I built a mini die filer similar to yours. I wasn't lucky enough to acquire a ready-made Scotch yoke mechanism so I built one. I didn't bother fitting it to the lathe. Instead, mine clamps in the vise and is driven by a variable speed hand drill.

Die filer files are hard to find (and expensive when you do). Since mine is a small unit, I use needle files. It's fairly easy to grind the ends to fit the chuck so they can be mounted to cut on the downstroke. I've also used cheap Chinese "diamond" needle files. Since they cut in either direction, one can use the supplied handle in the chuck.


----------



## Cedge (Oct 1, 2008)

Marv...
I'd love to see photos of your setup, as well. We seem to be thinking on the same wave length. The hobby needle files are what I'd planned to use as well, with an option to switch to larger if needed.

Part of the reason I've enjoyed the PM yearbooks so much is that so many of the home projects that were of little note in 1955 could easily bring Homeland Security down on top of you if you tried to secure the materials they recommend, today. It's a real window into just how much the world has changed, for much less than the better.

Steve


----------



## mklotz (Oct 1, 2008)

Cedge  said:
			
		

> Part of the reason I've enjoyed the PM yearbooks so much is that so many of the home projects that were of little note in 1955 could easily bring Homeland Security down on top of you if you tried to secure the materials they recommend, today. It's a real window into just how much the world has changed, for much less than the better.



I got into a discussion with the local middle school science teacher* about the origins of the electric motor. I offered to build the school a model of Faraday's original device as a demonstration. When I described how it involved a wire rotating around a magnet in a pool of mercury, she absolutely freaked. Learning has been completely subordinated to the irrational fears of a bunch of yuppie enviro-nazis. 

----
This is the gal who teaches her students that, if there were no gravity, all the satellites in orbit would fall to earth.


----------



## Twinsquirrel (Oct 1, 2008)

> This is the gal who teaches her students that, if there were no gravity, all the satellites in orbit would fall to earth.



Oh dear, those poor young minds, frightening that our future is in thier hands.


----------



## Brian Rupnow (Oct 1, 2008)

Cedge--I'm going to follow along here, because right at the moment I haven't got the foggiest idea what your end result is going to be. I don't know what a die filer is!!!


----------



## mklotz (Oct 1, 2008)

Ok, here are some pictures of my rig. Nothing special about it. The yoke driver is simply a ball bearing screwed to the disk that rotates. The oscillating shaft runs in brass bushings let into the aluminum supports. Otherwise it's just "form follows function".

The file lying next to the device shows my approach for mounting the files.

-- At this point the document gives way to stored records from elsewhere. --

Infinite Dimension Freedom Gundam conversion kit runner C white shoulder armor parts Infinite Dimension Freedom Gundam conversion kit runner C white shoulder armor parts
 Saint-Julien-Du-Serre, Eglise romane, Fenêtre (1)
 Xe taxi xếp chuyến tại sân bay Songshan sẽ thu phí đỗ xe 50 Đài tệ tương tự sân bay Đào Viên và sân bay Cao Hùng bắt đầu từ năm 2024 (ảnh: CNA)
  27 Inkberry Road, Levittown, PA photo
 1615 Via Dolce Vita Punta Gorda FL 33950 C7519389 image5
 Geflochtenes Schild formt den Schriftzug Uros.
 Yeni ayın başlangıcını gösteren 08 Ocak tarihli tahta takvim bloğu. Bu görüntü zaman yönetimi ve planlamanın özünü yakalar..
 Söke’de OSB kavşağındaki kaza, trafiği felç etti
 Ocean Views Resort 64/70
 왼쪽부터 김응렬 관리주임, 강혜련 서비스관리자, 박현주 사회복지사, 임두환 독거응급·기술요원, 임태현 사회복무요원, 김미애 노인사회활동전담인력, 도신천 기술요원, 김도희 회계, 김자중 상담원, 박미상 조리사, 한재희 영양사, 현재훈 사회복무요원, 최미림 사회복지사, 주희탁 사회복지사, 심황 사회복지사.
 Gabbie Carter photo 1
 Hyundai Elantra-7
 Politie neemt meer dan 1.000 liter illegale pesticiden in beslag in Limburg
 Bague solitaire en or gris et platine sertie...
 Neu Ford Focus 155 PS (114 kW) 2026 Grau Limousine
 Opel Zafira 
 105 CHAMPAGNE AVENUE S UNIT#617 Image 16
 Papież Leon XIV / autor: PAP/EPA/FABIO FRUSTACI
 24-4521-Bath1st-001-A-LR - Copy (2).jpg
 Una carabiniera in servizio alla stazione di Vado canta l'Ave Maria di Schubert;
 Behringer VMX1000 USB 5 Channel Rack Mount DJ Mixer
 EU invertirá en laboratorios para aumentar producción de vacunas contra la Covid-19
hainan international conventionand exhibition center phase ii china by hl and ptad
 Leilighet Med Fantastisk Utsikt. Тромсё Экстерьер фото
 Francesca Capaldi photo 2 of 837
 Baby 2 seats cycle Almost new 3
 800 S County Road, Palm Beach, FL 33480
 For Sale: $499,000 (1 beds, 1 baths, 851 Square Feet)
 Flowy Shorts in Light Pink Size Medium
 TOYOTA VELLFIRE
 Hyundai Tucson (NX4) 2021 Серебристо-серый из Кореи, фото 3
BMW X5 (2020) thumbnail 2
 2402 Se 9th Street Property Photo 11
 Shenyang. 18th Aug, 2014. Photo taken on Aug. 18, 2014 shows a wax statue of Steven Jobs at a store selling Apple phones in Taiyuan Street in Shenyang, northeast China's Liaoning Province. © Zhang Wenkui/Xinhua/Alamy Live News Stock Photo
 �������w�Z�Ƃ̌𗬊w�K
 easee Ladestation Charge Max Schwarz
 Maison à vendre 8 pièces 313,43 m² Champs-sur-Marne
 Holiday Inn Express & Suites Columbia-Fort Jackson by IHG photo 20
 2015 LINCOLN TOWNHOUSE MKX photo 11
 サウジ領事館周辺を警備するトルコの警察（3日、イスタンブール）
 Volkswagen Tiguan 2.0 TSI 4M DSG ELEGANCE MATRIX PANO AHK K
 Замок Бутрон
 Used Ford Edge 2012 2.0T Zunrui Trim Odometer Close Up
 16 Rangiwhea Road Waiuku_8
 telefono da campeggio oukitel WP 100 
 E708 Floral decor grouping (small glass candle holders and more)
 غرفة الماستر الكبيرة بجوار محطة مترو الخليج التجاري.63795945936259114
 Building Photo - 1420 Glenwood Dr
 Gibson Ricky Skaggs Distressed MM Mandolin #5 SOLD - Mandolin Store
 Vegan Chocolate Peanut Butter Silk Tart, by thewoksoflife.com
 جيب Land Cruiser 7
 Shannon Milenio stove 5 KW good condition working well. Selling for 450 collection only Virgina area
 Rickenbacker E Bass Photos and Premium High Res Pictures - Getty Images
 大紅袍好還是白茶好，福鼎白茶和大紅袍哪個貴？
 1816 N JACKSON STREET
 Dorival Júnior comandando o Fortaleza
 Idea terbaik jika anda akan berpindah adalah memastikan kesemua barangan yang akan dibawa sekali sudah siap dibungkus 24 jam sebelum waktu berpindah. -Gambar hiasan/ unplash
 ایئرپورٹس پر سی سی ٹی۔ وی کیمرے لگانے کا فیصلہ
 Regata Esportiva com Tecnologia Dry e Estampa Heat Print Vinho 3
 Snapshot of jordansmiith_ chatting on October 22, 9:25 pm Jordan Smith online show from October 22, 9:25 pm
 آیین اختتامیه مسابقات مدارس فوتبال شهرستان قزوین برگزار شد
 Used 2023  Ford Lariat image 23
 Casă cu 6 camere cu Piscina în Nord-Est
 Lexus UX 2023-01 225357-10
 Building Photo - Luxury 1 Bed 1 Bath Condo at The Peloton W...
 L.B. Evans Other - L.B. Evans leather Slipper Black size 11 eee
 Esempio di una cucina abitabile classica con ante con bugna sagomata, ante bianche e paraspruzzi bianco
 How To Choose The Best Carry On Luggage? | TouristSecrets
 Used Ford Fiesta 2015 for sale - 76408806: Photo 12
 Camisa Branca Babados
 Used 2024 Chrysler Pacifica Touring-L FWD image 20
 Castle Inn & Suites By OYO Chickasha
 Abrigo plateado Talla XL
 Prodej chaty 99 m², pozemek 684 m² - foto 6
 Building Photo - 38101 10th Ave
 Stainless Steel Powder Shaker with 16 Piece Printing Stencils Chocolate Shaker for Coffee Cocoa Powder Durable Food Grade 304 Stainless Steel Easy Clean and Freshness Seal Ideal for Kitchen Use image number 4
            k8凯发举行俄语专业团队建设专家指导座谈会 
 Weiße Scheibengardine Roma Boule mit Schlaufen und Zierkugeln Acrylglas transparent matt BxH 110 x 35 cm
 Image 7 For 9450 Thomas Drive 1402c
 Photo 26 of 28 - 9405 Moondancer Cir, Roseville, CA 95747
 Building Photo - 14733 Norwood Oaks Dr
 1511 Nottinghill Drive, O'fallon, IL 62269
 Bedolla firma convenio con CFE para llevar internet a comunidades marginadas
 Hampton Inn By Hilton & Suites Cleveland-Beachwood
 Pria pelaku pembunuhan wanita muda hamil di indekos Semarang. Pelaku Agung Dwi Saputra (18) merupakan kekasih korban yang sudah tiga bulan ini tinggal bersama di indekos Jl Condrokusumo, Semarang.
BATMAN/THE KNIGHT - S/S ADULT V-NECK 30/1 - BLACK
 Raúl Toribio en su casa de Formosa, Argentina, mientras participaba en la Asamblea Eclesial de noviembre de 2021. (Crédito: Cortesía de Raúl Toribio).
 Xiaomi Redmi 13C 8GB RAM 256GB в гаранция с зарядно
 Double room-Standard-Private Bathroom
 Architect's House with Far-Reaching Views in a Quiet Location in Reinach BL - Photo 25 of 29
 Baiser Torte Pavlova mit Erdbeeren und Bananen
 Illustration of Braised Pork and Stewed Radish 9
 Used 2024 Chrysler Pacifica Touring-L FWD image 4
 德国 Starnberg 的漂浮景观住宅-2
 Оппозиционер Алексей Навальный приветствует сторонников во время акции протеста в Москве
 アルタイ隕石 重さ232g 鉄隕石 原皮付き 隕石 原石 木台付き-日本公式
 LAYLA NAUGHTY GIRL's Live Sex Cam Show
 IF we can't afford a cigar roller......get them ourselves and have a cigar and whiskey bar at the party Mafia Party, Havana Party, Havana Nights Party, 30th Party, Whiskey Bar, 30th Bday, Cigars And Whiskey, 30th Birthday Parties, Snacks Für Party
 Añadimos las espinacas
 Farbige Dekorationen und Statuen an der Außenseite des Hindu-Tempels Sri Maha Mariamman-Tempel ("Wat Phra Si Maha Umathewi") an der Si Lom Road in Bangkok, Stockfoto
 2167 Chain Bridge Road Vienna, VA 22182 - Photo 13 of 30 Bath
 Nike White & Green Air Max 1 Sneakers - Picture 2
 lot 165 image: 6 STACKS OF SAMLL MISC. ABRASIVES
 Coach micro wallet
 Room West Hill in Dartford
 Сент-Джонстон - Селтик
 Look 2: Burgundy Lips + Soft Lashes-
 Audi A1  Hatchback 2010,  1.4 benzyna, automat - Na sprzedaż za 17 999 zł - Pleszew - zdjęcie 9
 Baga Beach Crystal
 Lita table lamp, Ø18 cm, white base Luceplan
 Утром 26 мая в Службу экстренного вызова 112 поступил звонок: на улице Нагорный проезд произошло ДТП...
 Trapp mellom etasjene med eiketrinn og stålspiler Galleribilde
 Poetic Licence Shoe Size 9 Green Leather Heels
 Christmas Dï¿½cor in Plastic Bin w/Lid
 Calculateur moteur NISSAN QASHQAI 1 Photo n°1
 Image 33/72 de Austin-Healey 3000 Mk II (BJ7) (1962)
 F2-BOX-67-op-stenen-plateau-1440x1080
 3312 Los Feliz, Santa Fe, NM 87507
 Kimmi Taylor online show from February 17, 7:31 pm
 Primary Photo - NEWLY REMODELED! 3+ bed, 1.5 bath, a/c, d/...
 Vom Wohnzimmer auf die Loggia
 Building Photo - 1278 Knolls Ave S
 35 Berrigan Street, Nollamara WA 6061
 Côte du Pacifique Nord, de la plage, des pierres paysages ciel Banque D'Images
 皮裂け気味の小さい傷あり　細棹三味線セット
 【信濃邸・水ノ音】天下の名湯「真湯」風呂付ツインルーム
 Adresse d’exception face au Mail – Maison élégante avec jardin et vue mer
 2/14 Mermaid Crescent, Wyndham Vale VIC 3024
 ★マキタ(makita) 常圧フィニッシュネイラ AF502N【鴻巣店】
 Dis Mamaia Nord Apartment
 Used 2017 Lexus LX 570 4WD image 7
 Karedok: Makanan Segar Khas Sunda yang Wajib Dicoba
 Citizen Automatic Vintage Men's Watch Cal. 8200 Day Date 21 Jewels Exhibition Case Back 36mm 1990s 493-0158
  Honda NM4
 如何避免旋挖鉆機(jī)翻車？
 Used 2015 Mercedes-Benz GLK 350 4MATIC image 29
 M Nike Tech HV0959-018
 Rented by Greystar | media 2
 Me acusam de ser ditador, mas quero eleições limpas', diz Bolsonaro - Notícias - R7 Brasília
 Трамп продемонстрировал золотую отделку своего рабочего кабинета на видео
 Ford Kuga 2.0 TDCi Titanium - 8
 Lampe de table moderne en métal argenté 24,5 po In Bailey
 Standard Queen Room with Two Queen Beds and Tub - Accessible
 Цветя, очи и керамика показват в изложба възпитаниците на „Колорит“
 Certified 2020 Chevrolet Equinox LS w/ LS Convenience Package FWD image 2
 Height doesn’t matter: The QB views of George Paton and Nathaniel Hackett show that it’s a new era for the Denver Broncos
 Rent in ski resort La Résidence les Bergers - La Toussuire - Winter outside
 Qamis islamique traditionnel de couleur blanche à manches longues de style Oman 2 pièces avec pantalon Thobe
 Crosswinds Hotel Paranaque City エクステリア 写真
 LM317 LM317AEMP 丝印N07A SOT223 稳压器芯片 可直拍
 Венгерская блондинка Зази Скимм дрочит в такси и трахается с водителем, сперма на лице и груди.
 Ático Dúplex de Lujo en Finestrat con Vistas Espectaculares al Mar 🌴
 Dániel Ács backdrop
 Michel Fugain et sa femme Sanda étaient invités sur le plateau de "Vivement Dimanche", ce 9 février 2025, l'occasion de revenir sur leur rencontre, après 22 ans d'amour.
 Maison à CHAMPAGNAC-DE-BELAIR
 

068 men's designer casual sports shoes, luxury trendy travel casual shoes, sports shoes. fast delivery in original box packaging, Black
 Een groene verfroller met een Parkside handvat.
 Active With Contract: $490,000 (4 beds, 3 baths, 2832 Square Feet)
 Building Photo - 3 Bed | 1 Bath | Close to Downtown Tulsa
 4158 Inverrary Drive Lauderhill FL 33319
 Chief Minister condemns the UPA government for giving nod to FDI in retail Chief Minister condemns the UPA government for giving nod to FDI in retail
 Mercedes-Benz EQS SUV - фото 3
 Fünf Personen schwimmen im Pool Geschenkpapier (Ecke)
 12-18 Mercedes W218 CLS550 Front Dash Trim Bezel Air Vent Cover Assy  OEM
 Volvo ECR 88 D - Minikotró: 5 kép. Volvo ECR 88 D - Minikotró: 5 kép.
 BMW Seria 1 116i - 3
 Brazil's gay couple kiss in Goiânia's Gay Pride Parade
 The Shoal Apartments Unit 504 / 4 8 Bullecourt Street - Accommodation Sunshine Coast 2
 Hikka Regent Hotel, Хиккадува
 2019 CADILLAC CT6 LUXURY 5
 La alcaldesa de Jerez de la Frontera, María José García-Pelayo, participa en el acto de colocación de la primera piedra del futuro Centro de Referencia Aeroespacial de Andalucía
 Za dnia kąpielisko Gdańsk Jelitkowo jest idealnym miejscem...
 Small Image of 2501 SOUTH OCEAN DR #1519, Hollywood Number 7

The end of the file is ground to a cylinder and then (soft) soldered into a short length of drilled out 1/4-20 brass screw. This screws into a matching thread in the top of the oscillating rod and is secured with a lock nut. This arrangement simplifies orienting the file to the work and to one's position relative to the machine.

The brass disk just under where the file attaches is there to prevent filings from getting into the bearings and mechanism. It would work better if it were conical in shape - think umbrella. Make the hole in the table (through which the file projects) an aliquot size with a counterbore so you can easily fit bushings that closely match the file size - important if filing small parts but less important if you make big stuff.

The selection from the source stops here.